領域拡大に挑む
強くて信頼性のある部品づくりを少ない材料と工程で成形する鍛造技術。複雑形状の部品を大量生産できるメリットも持つ。自動車を中心に進化してきた技術は、電気自動車(EV)や航空機など、成長分野への開拓に向け技術開発を推進。鍛造加工の領域拡大に向け、さらなる進化に挑んでいる。 <日刊工業新聞 2023年3月9日掲載>
経済活動再開 需要は急回復
鍛造はハンマーやプレスでたたいて、金属を目的の形状に成形する塑性加工のひとつ。関わる機械の市場環境はコロナ禍からの経済活動の再開を受けて、需要は急回復している。
日本鍛圧機械工業会(日鍛工)がまとめた2022年(暦年)の鍛圧機械の受注額は前年比12・5%増の3729億円。2年連続で増加した。この10年間では18年の3898億円に次ぐ受注となるなど、コロナ前の水準になっている。
機種別ではプレス系が同13・4%増の1540億円、板金系は同15・8%増の1303億円だった。プレス系の内訳は前年比で、サーボ・機械プレス系16・5%増、油圧プレス13・9%増など。国内向けの業種別の内訳では同様に自動車が42・3%増、金属製品製造業1・8%減、一般機械21・1%増、電機7・2%増、鉄鋼・非鉄金属32・5%増などとなっている。
ただ、単月ベースでは直近公表の1月の受注額が前年同月比3・6%減と2カ月連続の前年割れとなった。機械の長納期化や原材料高などが影響。設備投資は横ばい傾向にある。23年の受注について、日鍛工は22年と同水準で推移すると予想している。
鍛造技術は自動車産業を中心に、各業界の成長、発展を支えてきた。生産性や歩留まりの向上をはじめ、高精度対応では精密金型と高度な成形シミュレーションで、切削や研磨の仕上げ加工を省略できるネットシェイブ化の取り組みなどで、ニーズに応えてきた。
鍛造で成形する方法は、加工温度によって熱間鍛造、冷間鍛造、温間鍛造に大別される。熱間は特に大型部品の製造で存在感を示す。高温で材料を加熱するため、変形抵抗が小さくなり高張力材料でも変形しやすい。
冷間鍛造はプレス機を使って常温の金属に金型内で圧力を加え成形する技術。スクラップの発生が少なく、材料の歩留まりも良い。変形抵抗が大きいため大型形状の加工に適さないが、素材に熱を加える必要がないことから寸法精度が高い。成形された製品は組織が細分化し、ファイバーフロー(金属組織の流れ)が切断されないため、強度も向上する。
温間鍛造は熱間と冷間の双方の長所を生かして行う方法。冷間の利点である加工精度を生かしながら、常温より材料を加熱することによって、加工時の難易度が下げられる良さがある。

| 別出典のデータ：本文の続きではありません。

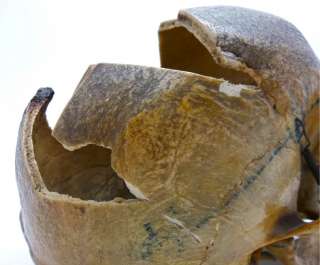 Old Antique REAL Human Skull   Genuine Skeleton   RARE Star Shaped 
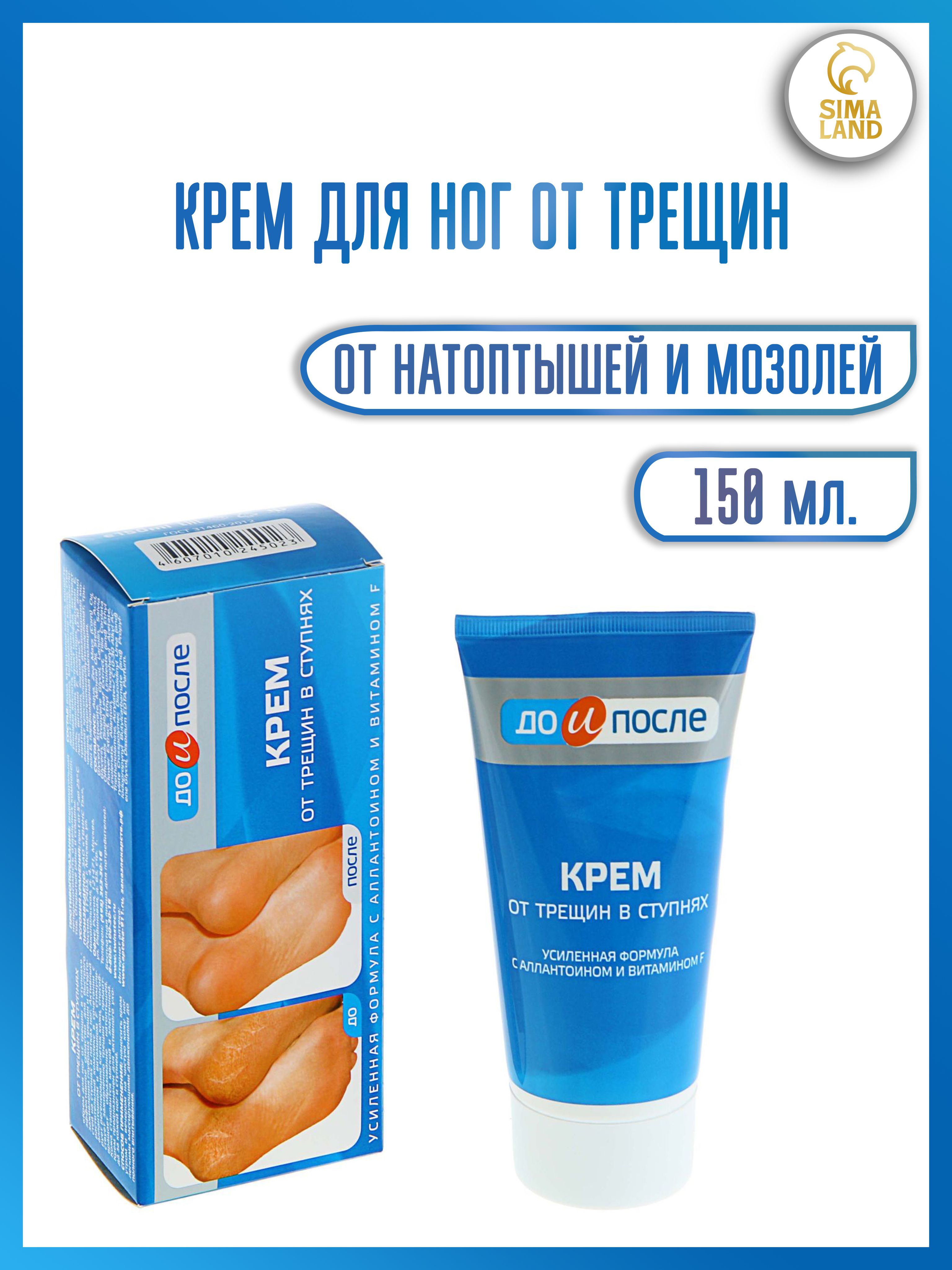 Крем от трещин на ногах. Крем и гель для пяток. Увлажняющий крем для пяток. Крем от трещин на ногах. Lipidro creme gehwol 500.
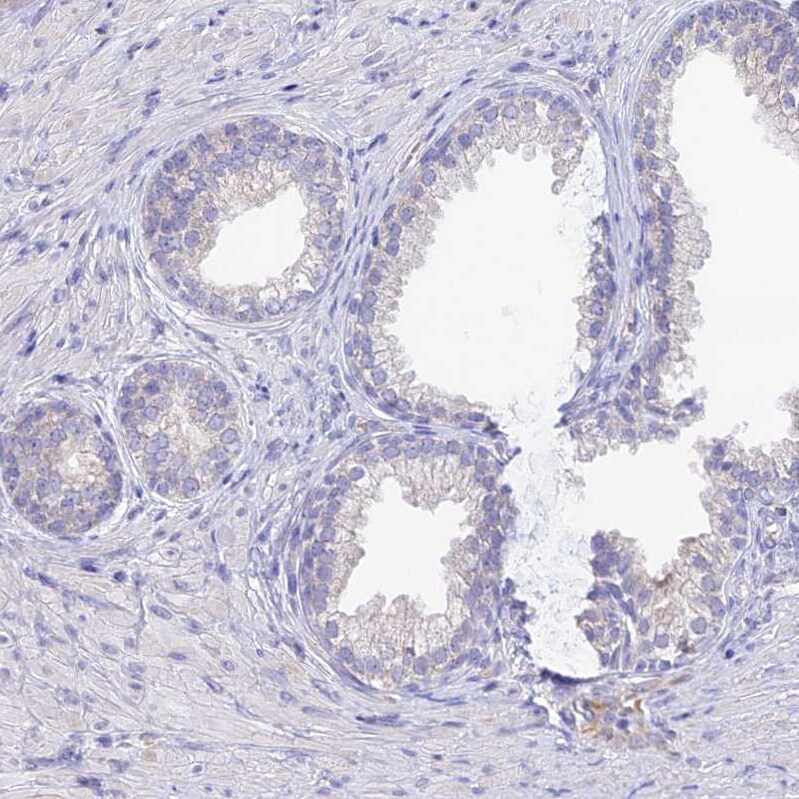 Sentan Antibody - BSA Free Immunohistochemistry: Sentan Antibody - BSA Free [NBP1-92378]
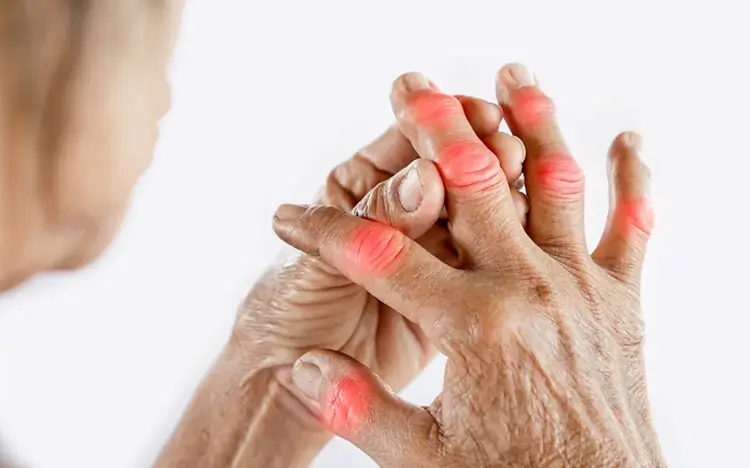 inflamacion-articulaciones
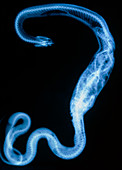 X-ray showing a snake which has swallowed a frog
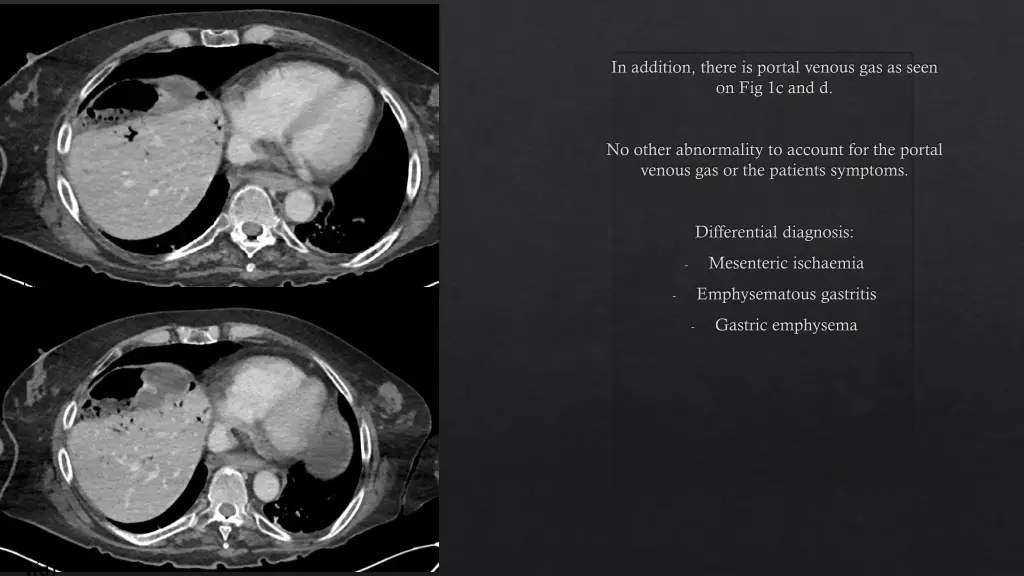 in addition there is portal venous gas as seen
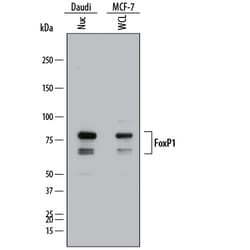 Human FoxP1 Antibody, R D Systems 100ug; Unlabeled:Antibodies, Monoclonal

成長分野の開発加速 航空機向け 新鍛造プロセスに着手
鍛造では成長分野への搭載に向けた研究開発が活発だ。新エネルギー・産業技術総合開発機構(NEDO)は航空機部品での新たな鍛造プロセスの開発に着手している。ニッケル基合金部材を高温で鍛造するためのプレス金型の開発を目的とする。

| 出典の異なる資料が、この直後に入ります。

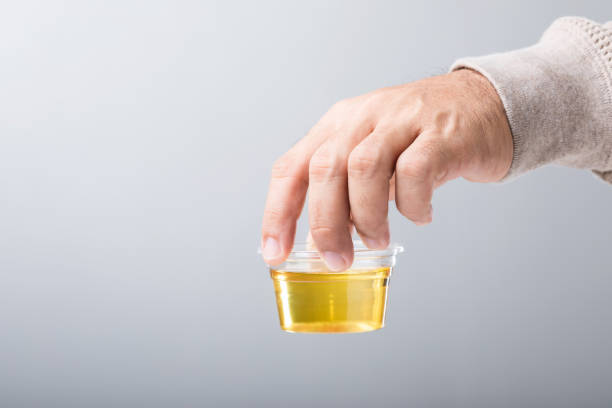 istock Man holds a clear plastic cup containing a urine sample, emphasizing how urine color can reveal important health insights. A reminder of the role of self-monitoring in maintaining wellness 2187092896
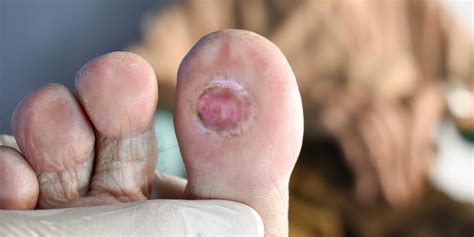 Guide to Treating Foot Ulcers in Diabetes: Effective Solutions and Best ...
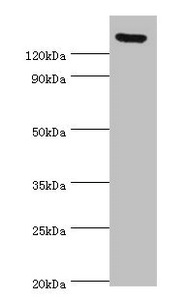 SPAG5 / MAP126 Antibody - Western blot All lanes: SPAG5 antibody at 2µg/ml Secondary Goat polyclonal to rabbit IgG at 1/10000 dilution Predicted band size: 134 kDa Observed band size: 134 kDa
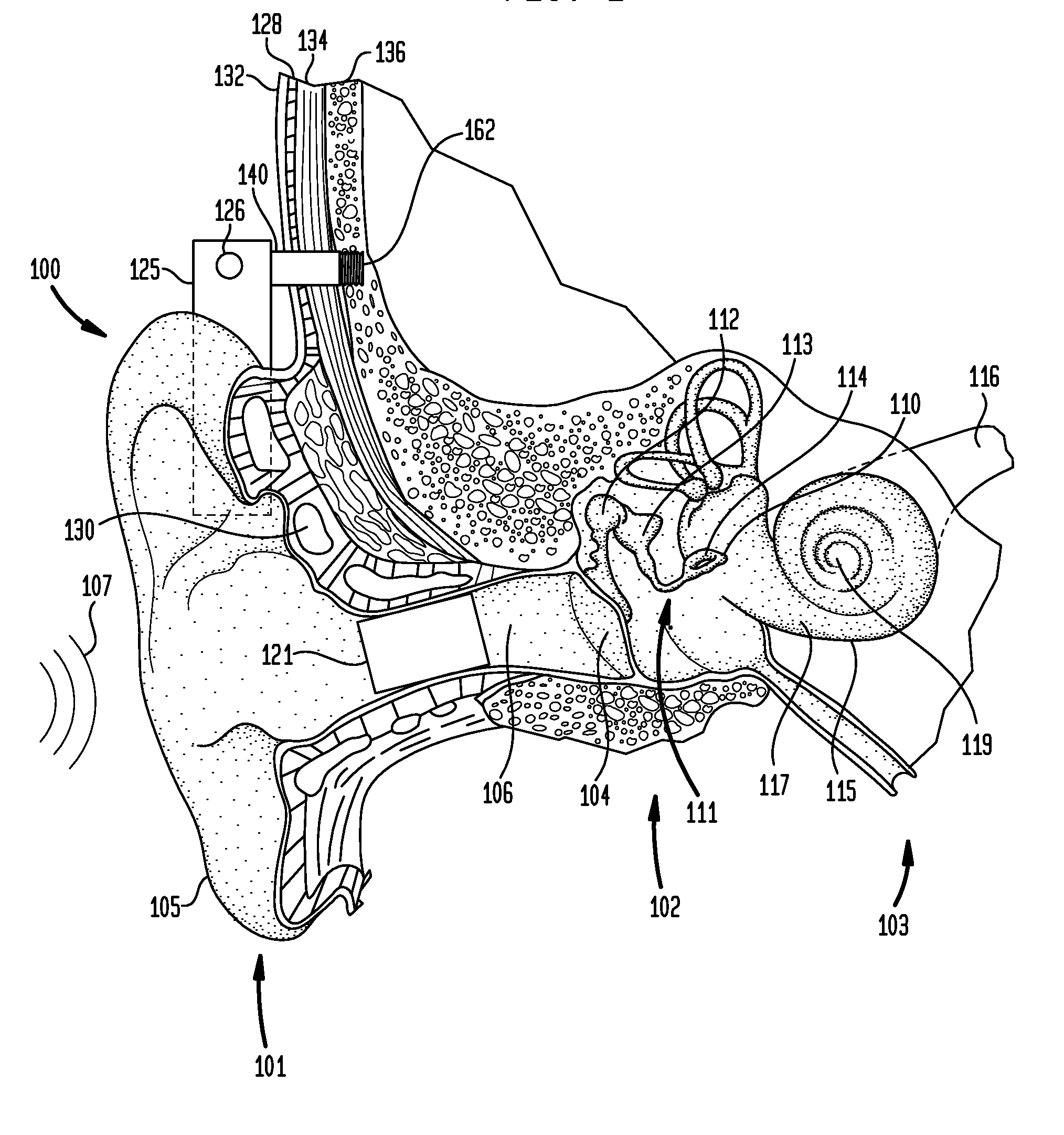 Multi-mode hearing prosthesis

航空機エンジンに使われる国産材の競争力強化を目指す研究開発の一環。「航空機エンジン向け材料開発・評価システム基盤整備事業」として着手した。プロテリアル(旧日立金属)の提案を採択しての共同研究で、事業期間は25年度までの4年間。
従来の鍛造プレス機は金型材が高温で酸化しやすく真空引きする必要があった。このため空気中で酸化しにくい金型材を作製して鍛造プロセスを効率化する。この事業で新合金が次世代航空機に搭載され、さらに軽量化と航空機エンジンの効率化によって燃料改善が実現した場合、40年までに年間92・8万トンの二酸化炭素排出量の削減効果があるとみられる。
EV向けでは、工場の増床などによる生産強化への製造事業者の動きとは別に、開発した金属材料を高強度化する新技術を訴求するところも。金属材料をねじりながら熱処理する技術と鍛造を組み合わせて高強度化する。
EVなどに用いるアルミニウム材や駆動部品に使用する鉄鋼材料の強度を上げるニーズに対応した。試作や技術支援、加工設備の販売にもあたる。